The experience of Hog Cay is so distinctive though because the other side of the Cay (which is a mere 50 yards or so and in places not even that) has exquisitely tranquil turquoise and emerald water that could not be more at odds with the fury being unleashed on its less protected outer bank. What is so cool about this Cay is that from most places you can see both sides - the raging and furious Sound crashing with full force against the rocky cliffs and the gin clear turquoise water lapping gently against several white sand beaches!! The dichotomy is breathtaking and I'm sure our pictures won't even be able to do it justice!!!

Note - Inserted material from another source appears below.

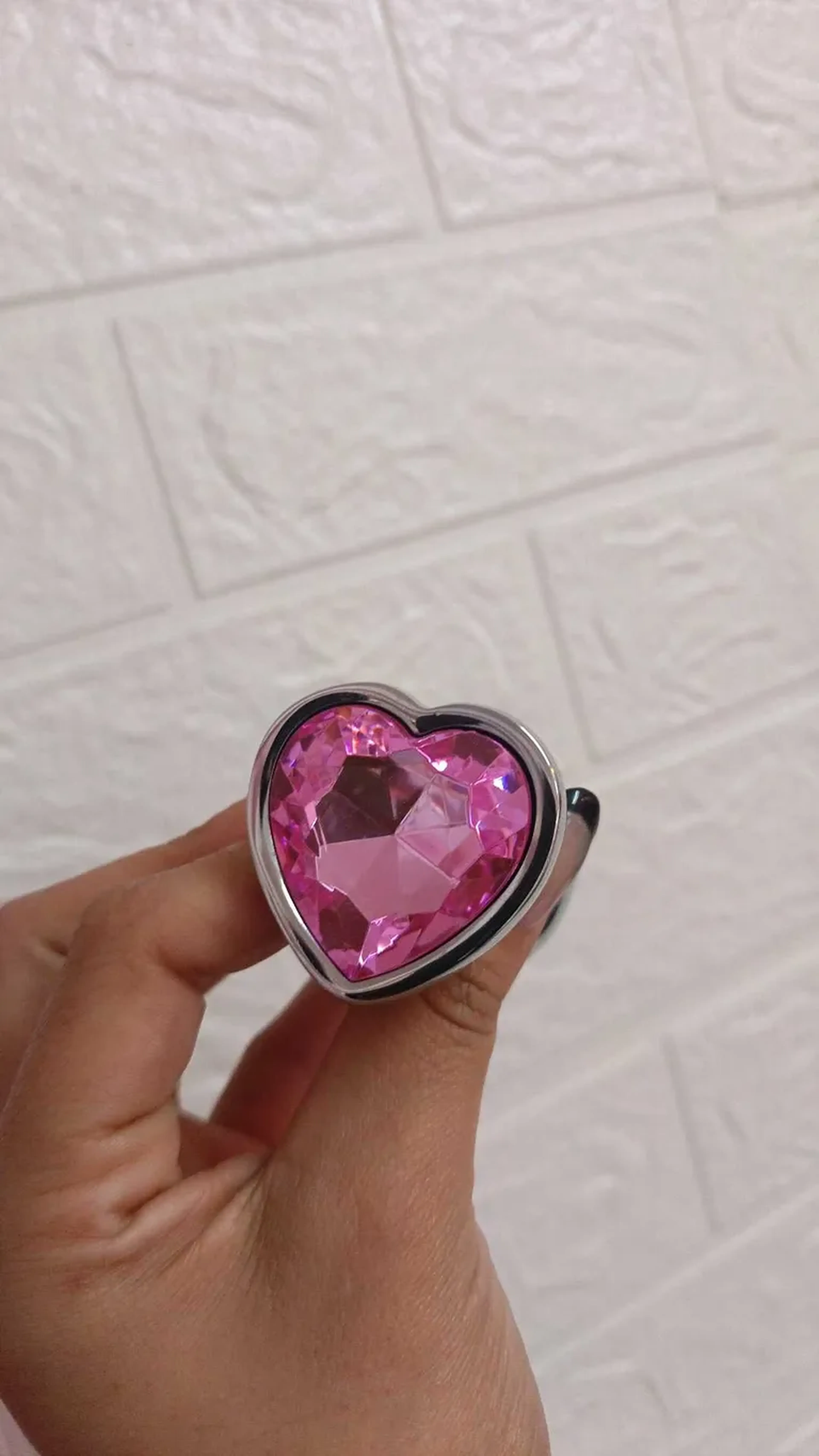 PLUG ANAL G - CORAÇÃO ROSA CLARO imagem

As we explored the cliffs we came upon several cairns which are pilings of rock that have been built by passing cruisers as an offering to the Gods for safe passage and fair weather - they are often also used as navigation aids as the red and green buoys we are so reliant on in the States are virtually non-existent down here.

We of course had to add a rock to each one as is the tradition.

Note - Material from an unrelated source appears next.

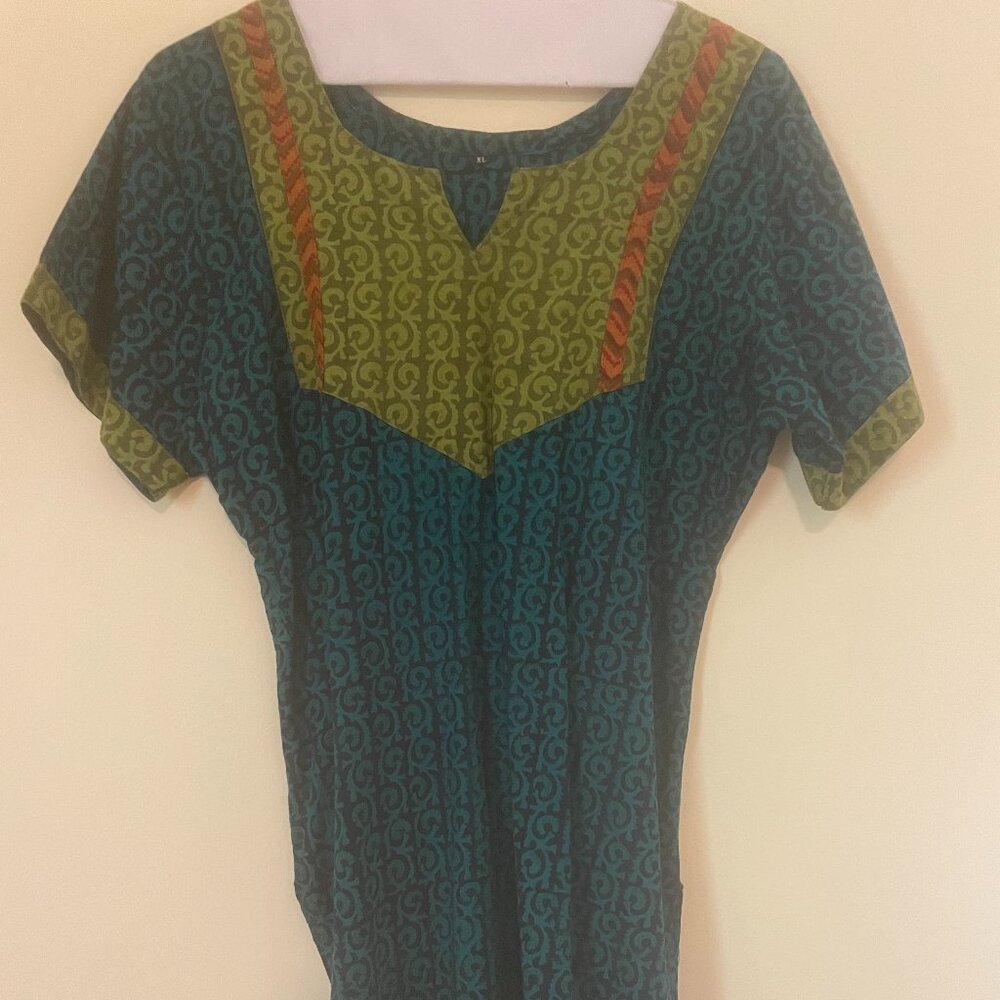 Beautiful handsewn Indian tunic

We also saw some funky birds with red beaks that had a cry/laugh that we heard long before we saw them.

They and the ever present geckos were about the only wildlife we saw though!!

That afternoon, after collecting driftwood and other natural things (sea fans, sponges and shells) for our boat sign which we need to make to bring to the top of Boo Boo Hill (it's tradition), we all hung out on the beach enjoying the warmth of the sunshine and playing with Cassie and Godiva (September Song's boat dogs). That evening after Colleen gave Vicki and Bob a haircut at Chez Gypsies, we had dinner on Gypsies! You know we're all having fun when the rum bottles (yes not singular) appear out on the table!!! Enough said....

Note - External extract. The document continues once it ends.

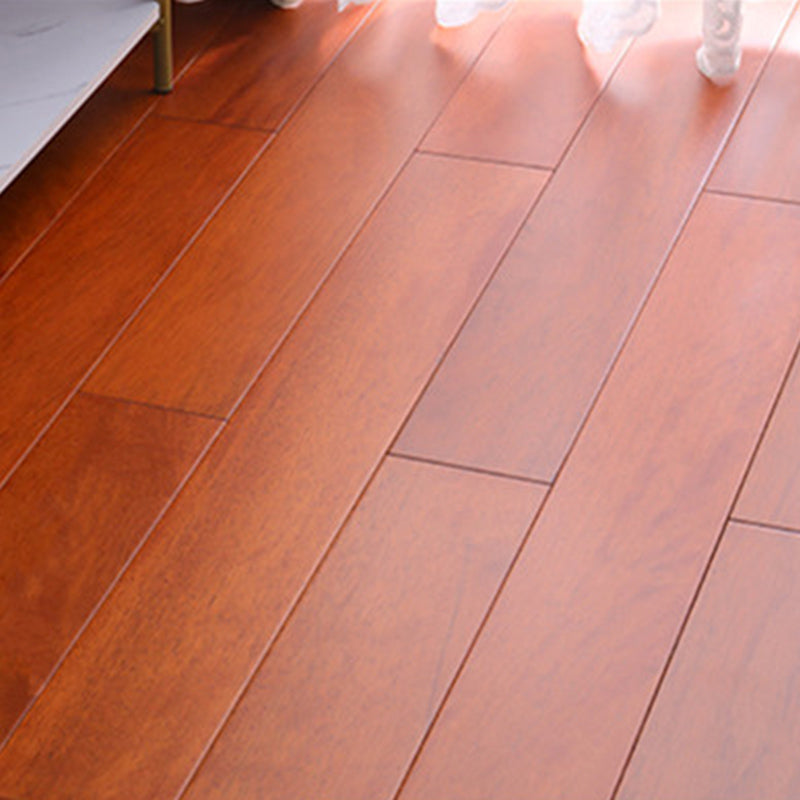 Modern Tile Flooring Wire Brushed Click Lock Wood Flooring Tiles Light Brown Clearhalo 'Flooring 'Hardwood Flooring' 'hardwood_flooring' 'Home Improvement' 'home_improvement' 'home_improvement_hardwood_flooring' Walls and Ceiling' 7411749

Yesterday was a beach day - we all dinghied around Warderick Wells Cay to Emerald Beach, a beautiful strip of white powder sand situated between several cliffs and thus protected from the wind!! Lynnie and Rick on Rickshaw (who are in the North Anchorage) even met up with us for the afternoon. After several days of hiking the islands, sitting in a beach chair with my feet in the warm sand felt really good - as did the cold beers after we snorkeled several of the coral heads off the beach. This is the life!!! Even the "killer attack geckos" that seemed to love Colleen and Vicki (the small one was even showing off for them by doing pushups - I can't make this stuff up - I'm just not that creative!) couldn't drive us from the beach until well after the sun was over the yardarm...and the cooler was running low!!

Today we have boat chores to do this morning chief among them is to make our boat sign for Boo Boo Hill - but Doug has some oil to change in the generator as well. The glamorous life of the boat mechanic..... Later we will dinghy over to the Park Headquarters (where we can get the internet) to send emails and post the blogs (often now we post more then one blog at a time since our internet connections are so infrequent so make sure to look for multiple posts).

Weather dependent of course, but our plan for tomorrow is to all head down to Cambridge Cay at the very southern end of the Park so that we can snorkel Rocky Dundas on Wednesday when the weather is supposed to be fairly calm!! Rocky Dundas are two large scrub-covered rocks off one of the islands that have caves containing stalagmite and stalactite formations!!! Explorers on a mission!!!